(Excerpts from a dataset)
------------
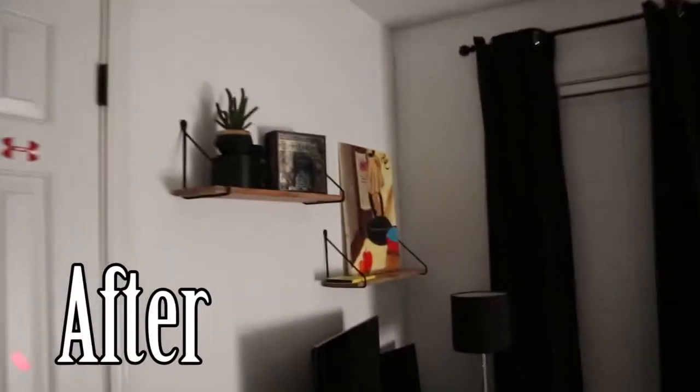Here's a little before and after of the room. We got some shelf action over here, we got a little picture frame mirrors up on the wall, but most importantly look at this guy.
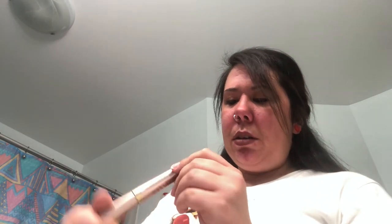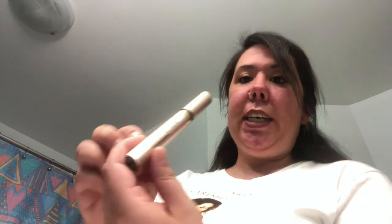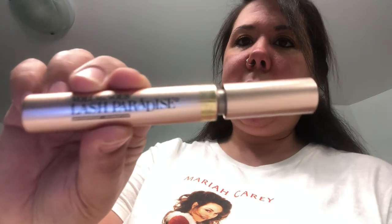Everything's looking good, I'm happy with my look today. The final touch I'm going to use is by L'Oreal — this is called Voluminous Lash Paradise, and this is the mascara I use on my bottom lashes. The brush is really nice and thick and it just gives my lashes on the bottom a little oomph — not too much, just a quick little sweep.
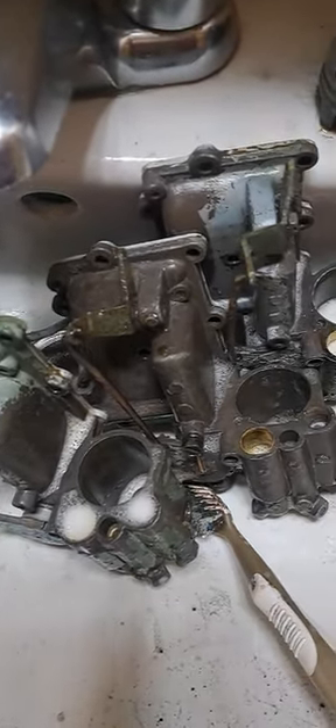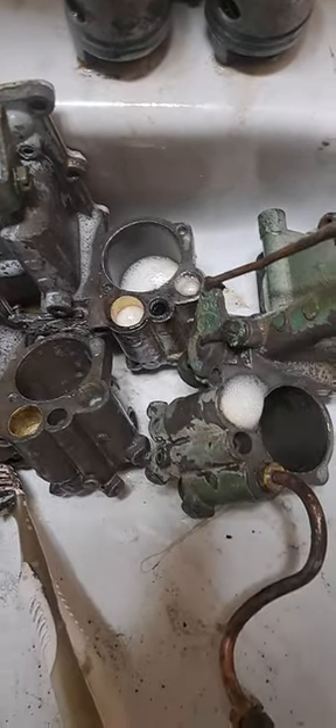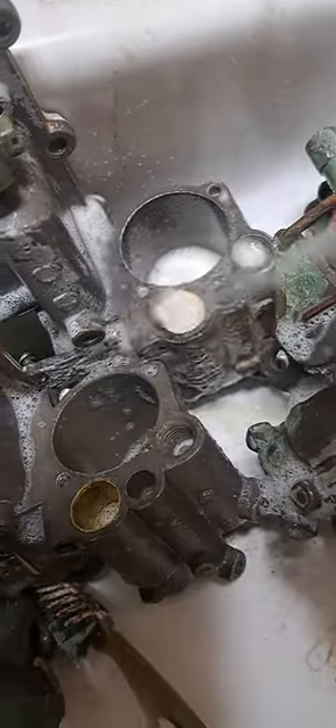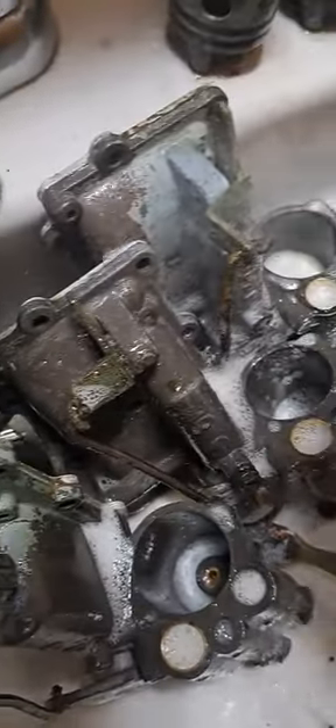More deep cleaning of HD 25 Johnson carbs 46 through 49 with LA's Totally Awesome. Eventually we'll get those little cups out of there. We want to get all the carbon buildup off of them.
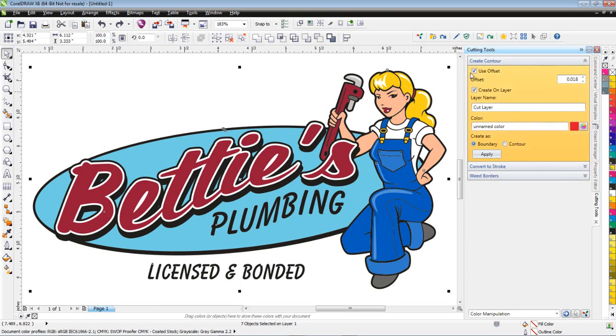Over here you have different values. There's a 'Use Offset' value so I can offset the contour line so it goes around the perimeter of the graphic. If I uncheck that, it's going to go right directly on the graphic — so I want it to go around the perimeter. I can create the contour on a separate layer and name that layer; in this case I've named it 'cut layer.'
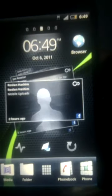So there you have it — the Xperia on the HD2. Catch ya.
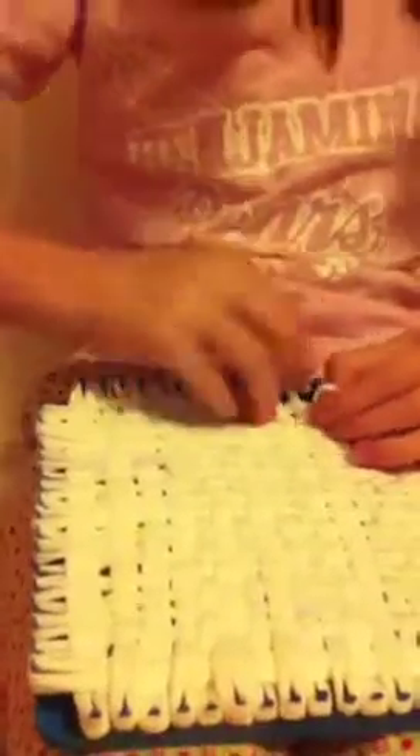Take your fourth one and put it inside the third one. Then take your fifth one and put it through your fourth one. Now just keep repeating that — keep taking the next one and putting it through the one that was before.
------------
> [Work request]: Repeat the entries above exactly and skip the images.

> [Response to this exercise]:
Here's a little before and after of the room. We got some shelf action over here, we got a little picture frame mirrors up on the wall, but most importantly look at this guy.
Everything's looking good, I'm happy with my look today. The final touch I'm going to use is by L'Oreal — this is called Voluminous Lash Paradise, and this is the mascara I use on my bottom lashes. The brush is really nice and thick and it just gives my lashes on the bottom a little oomph — not too much, just a quick little sweep.
More deep cleaning of HD 25 Johnson carbs 46 through 49 with LA's Totally Awesome. Eventually we'll get those little cups out of there. We want to get all the carbon buildup off of them.
Over here you have different values. There's a 'Use Offset' value so I can offset the contour line so it goes around the perimeter of the graphic. If I uncheck that, it's going to go right directly on the graphic — so I want it to go around the perimeter. I can create the contour on a separate layer and name that layer; in this case I've named it 'cut layer.'
So there you have it — the Xperia on the HD2. Catch ya.
Take your fourth one and put it inside the third one. Then take your fifth one and put it through your fourth one. Now just keep repeating that — keep taking the next one and putting it through the one that was before.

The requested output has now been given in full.